After Liu Xiaobo’s Death, Australia Calls for China to Release His Widow

There's growing calls to free Liu Xia, the Nobel Peace Prize-winning dissident's widow.

July 17, 2017 9:21 am
This picture taken on December 10, 2010 shows an exhibition at the Nobel Peace Center in Oslo highlighting this year's Nobel Peace Prize laureate, Liu Xiaobo, a few hours before its opening. Confusion over which countries would attend the peace prize ceremony for jailed Chinese dissident Liu Xiaobo grew Friday just hours before the event with organisers adding more names to the list. (Berit Roald/AFP/Getty Images)
This picture taken on December 10, 2010 shows an exhibition at the Nobel Peace Center in Oslo highlighting this year's Nobel Peace Prize laureate, Liu Xiaobo, a few hours before its opening. Confusion over which countries would attend the peace prize ceremony for jailed Chinese dissident Liu Xiaobo grew Friday just hours before the event with organisers adding more names to the list. (Berit Roald/AFP/Getty Images)

A dissident’s legacy is fueling protest against his widow’s captivity.

Australia urged China to release Liu Xia on Sunday following the death of her husband Liu Xiaobo, China’s best-known democracy activist. The dissident died of liver cancer in custody last week.

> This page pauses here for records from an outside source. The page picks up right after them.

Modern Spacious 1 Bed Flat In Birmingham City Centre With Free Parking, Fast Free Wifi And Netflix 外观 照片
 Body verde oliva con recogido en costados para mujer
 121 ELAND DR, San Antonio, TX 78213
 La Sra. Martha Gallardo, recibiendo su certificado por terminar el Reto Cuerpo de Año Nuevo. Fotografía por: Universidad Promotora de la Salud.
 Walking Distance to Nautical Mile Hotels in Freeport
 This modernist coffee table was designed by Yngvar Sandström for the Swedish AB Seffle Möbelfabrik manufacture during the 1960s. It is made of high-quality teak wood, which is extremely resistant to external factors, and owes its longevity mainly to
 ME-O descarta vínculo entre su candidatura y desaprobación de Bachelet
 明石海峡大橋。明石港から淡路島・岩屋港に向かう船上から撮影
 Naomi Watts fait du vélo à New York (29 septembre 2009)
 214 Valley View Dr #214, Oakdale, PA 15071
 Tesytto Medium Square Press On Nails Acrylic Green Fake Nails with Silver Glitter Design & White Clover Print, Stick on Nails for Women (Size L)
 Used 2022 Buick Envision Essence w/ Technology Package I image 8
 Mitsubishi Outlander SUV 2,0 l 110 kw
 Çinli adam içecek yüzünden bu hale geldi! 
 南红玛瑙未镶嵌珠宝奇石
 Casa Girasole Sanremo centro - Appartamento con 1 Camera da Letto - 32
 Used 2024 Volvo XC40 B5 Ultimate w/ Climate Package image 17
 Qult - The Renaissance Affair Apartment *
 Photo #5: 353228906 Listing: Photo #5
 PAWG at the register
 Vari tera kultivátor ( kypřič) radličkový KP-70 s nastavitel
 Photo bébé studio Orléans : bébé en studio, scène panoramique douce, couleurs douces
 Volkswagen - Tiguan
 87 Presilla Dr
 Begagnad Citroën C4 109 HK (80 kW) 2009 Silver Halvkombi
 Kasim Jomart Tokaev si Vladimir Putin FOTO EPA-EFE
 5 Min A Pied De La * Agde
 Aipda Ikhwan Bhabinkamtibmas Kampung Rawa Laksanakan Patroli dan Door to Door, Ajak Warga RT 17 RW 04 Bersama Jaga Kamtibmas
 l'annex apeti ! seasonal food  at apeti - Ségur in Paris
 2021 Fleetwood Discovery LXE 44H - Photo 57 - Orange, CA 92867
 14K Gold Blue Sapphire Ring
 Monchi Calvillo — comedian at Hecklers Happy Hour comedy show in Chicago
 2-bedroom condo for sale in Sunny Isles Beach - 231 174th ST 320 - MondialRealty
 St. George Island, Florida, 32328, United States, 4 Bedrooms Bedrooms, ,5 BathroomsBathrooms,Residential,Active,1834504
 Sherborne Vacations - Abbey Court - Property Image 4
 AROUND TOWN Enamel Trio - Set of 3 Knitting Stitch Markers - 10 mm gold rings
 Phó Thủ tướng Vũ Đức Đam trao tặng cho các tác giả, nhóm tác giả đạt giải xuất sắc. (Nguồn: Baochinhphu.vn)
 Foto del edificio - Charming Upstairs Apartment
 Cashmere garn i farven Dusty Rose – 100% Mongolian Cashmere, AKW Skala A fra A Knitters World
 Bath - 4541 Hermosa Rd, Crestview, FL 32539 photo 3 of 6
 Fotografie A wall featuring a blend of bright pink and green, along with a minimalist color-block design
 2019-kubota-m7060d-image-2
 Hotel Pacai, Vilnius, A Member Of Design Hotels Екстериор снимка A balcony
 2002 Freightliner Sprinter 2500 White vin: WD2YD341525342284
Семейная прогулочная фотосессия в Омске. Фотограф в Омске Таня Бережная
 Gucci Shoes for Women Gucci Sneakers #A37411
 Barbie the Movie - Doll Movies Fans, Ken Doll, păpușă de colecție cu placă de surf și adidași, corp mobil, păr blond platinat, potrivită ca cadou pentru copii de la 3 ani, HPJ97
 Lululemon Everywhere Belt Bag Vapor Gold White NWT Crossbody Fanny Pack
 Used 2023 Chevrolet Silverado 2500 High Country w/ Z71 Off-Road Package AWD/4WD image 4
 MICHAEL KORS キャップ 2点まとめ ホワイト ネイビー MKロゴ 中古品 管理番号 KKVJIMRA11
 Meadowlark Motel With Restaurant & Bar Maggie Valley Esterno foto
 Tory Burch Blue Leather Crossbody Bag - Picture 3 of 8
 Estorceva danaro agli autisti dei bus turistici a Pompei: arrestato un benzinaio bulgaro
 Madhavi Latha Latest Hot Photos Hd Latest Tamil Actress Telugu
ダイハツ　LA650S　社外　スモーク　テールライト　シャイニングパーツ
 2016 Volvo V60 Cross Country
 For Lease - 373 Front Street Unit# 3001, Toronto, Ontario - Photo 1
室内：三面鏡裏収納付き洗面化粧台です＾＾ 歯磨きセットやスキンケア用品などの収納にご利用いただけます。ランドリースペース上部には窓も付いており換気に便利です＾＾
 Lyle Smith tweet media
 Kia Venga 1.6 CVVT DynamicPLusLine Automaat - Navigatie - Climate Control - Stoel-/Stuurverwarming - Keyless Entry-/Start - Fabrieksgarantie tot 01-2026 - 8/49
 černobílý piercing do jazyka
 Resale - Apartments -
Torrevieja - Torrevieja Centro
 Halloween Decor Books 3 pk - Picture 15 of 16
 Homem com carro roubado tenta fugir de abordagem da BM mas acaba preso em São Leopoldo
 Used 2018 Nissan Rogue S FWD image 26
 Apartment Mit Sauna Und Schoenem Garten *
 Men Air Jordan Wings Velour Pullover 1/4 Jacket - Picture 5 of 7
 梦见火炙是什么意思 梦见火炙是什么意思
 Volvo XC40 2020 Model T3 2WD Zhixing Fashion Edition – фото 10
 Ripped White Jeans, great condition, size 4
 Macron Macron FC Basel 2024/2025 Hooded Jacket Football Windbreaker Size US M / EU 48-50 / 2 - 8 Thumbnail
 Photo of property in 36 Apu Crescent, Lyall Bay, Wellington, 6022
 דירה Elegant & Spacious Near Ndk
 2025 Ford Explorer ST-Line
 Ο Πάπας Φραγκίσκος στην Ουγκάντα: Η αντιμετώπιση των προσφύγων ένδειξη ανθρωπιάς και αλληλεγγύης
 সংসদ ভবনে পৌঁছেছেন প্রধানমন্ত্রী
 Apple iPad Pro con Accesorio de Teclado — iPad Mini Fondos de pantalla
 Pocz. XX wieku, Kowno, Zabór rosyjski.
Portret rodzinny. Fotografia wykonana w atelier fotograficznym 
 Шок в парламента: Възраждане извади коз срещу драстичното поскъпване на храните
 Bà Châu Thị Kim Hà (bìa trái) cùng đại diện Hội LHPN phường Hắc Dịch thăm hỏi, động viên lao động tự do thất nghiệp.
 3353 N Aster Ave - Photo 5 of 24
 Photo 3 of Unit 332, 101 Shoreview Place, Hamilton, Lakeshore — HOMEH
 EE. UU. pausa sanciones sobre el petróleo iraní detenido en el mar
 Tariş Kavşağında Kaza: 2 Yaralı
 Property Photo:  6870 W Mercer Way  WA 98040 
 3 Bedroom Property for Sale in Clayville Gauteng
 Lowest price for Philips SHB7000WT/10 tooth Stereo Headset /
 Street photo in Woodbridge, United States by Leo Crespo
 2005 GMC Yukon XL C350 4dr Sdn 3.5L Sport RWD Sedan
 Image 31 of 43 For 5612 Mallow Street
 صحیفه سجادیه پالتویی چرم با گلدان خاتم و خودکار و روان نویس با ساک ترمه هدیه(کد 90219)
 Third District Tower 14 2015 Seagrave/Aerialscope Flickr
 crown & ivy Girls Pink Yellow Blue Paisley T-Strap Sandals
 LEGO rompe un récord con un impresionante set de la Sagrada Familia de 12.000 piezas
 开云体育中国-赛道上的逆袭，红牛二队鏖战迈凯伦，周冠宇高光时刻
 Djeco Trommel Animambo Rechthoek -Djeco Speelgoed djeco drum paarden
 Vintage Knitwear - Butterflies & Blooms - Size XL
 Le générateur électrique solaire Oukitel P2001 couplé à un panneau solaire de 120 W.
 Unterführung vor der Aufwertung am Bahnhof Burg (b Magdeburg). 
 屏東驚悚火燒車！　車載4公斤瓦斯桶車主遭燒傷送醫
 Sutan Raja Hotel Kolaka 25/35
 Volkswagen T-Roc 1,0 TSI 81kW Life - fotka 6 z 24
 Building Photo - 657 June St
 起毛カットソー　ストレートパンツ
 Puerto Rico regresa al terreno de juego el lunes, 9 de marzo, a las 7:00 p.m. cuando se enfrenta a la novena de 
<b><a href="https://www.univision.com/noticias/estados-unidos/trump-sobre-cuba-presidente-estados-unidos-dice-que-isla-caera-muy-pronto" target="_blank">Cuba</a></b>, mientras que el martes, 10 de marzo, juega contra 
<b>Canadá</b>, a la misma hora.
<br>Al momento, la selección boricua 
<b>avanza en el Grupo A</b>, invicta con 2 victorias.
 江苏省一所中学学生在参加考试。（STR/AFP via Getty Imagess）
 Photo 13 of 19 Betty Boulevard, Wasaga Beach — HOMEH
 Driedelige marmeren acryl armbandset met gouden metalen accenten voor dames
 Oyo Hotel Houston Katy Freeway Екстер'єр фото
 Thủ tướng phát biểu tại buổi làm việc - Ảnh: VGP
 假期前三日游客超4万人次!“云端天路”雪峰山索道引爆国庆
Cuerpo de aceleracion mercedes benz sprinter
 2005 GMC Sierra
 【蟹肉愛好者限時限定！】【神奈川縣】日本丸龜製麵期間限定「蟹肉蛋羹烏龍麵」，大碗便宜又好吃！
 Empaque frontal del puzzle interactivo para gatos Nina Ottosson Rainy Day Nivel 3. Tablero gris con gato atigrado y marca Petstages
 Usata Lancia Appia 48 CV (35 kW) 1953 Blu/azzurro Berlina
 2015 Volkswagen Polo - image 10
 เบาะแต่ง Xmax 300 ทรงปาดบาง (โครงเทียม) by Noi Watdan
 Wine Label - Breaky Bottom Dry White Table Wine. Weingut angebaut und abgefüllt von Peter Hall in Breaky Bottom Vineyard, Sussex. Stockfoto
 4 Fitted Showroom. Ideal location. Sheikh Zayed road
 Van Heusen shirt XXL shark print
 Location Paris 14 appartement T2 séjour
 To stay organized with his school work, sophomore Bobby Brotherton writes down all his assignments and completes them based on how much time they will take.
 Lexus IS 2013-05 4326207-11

In 2009, Liu Xiaobo was sentenced to 11 years in sentence for “inciting subversion of state power” after he wrote a petition for democratic reforms known as “Chapter 08.” He served three shorter stints in prison during the 1990’s after he returned to China in 1989 to join the Tienamen Square protests.

Nobel Peace Prize laureate Liu Xiaobo’s wife, Liu Xia (C), together with human rights lawyer Mo Shaoping (L), arrive at the court for the trial of her brother, Liu Hui, who is charged for committing fraud in connection with a real-estate deal, in Beijing on April 23, 2013. The Nobel winner’s wife, Liu Xia, who is Liu Hui’s sister, has been under house arrest in Beijing since her husband was awarded the prize, though she has not been formally charged with any crime. (STR/AFP/Getty Images)

Liu Xia has been under house arrest since her husband was awarded the Nobel Peace Prize in 2010. NBC News reports that a Chinese official said Liu Xia was currently free, but they would not reveal her whereabouts. Australia’s call for her release will likely antagonize its largest trading partner, which has already asked Western nations to refrain from making comments on Liu’s death.

Chinese President Xi Jiping will be on wrong the side of history when Liu Xiaobo’s legacy is solidified, New York Review of Books writes. The only other Nobel Peace Prize winner to die in custody was German pacifist Carl von Ossietzky, who perished in a Nazi jail after winning the 1935 prize.